→ **INPUT DATA**:

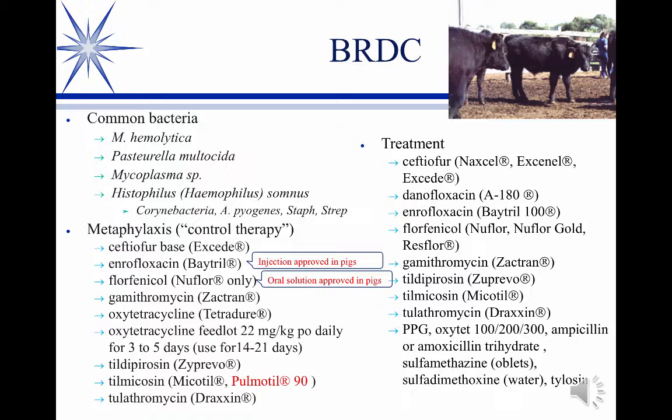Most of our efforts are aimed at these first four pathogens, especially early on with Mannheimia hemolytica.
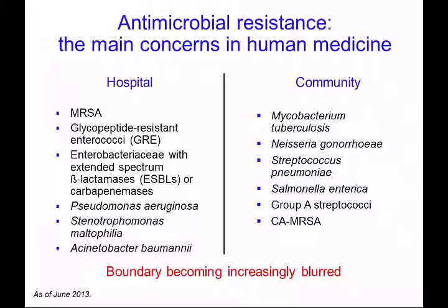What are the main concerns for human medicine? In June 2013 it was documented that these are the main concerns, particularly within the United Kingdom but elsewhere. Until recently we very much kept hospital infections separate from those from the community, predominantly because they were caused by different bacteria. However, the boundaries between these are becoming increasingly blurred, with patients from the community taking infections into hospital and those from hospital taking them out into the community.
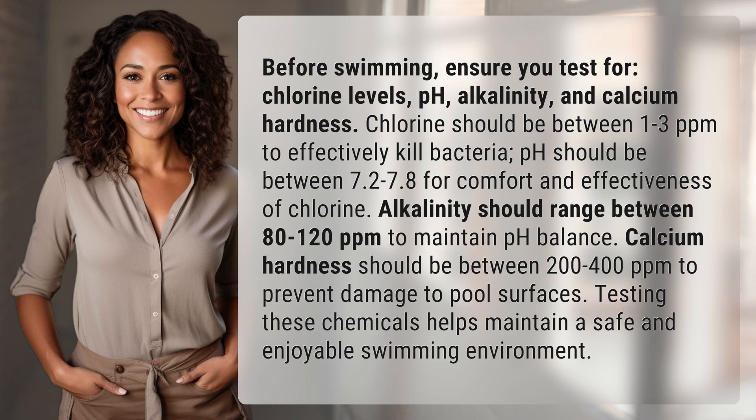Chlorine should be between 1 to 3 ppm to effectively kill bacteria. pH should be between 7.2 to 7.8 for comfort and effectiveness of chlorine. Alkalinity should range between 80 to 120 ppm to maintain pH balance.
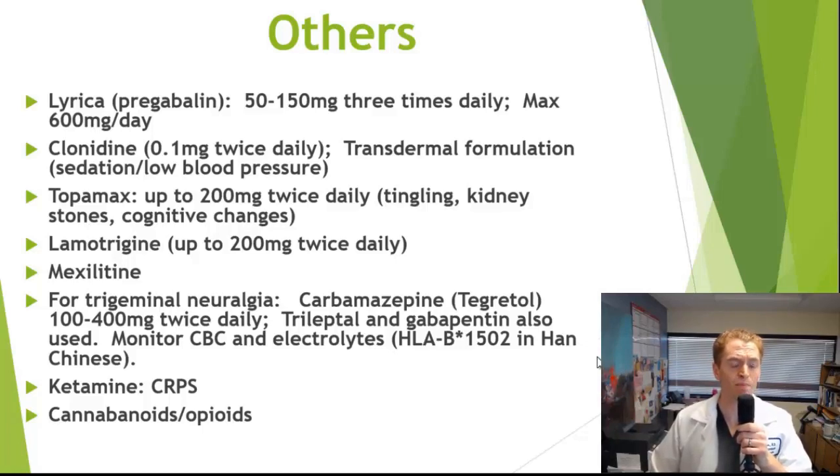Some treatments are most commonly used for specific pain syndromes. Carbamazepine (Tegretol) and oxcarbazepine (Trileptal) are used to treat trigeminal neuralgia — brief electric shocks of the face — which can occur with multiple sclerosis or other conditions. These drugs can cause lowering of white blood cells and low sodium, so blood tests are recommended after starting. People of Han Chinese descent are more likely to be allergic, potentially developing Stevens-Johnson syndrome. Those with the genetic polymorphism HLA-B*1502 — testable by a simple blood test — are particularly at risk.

→ **DESCRIPTION OF THE TASK**:
Your answer must contain the full data, repeated exactly, without pictures.

→ **TASK RESPONSE**:
Most of our efforts are aimed at these first four pathogens, especially early on with Mannheimia hemolytica.
What are the main concerns for human medicine? In June 2013 it was documented that these are the main concerns, particularly within the United Kingdom but elsewhere. Until recently we very much kept hospital infections separate from those from the community, predominantly because they were caused by different bacteria. However, the boundaries between these are becoming increasingly blurred, with patients from the community taking infections into hospital and those from hospital taking them out into the community.
Chlorine should be between 1 to 3 ppm to effectively kill bacteria. pH should be between 7.2 to 7.8 for comfort and effectiveness of chlorine. Alkalinity should range between 80 to 120 ppm to maintain pH balance.
Some treatments are most commonly used for specific pain syndromes. Carbamazepine (Tegretol) and oxcarbazepine (Trileptal) are used to treat trigeminal neuralgia — brief electric shocks of the face — which can occur with multiple sclerosis or other conditions. These drugs can cause lowering of white blood cells and low sodium, so blood tests are recommended after starting. People of Han Chinese descent are more likely to be allergic, potentially developing Stevens-Johnson syndrome. Those with the genetic polymorphism HLA-B*1502 — testable by a simple blood test — are particularly at risk.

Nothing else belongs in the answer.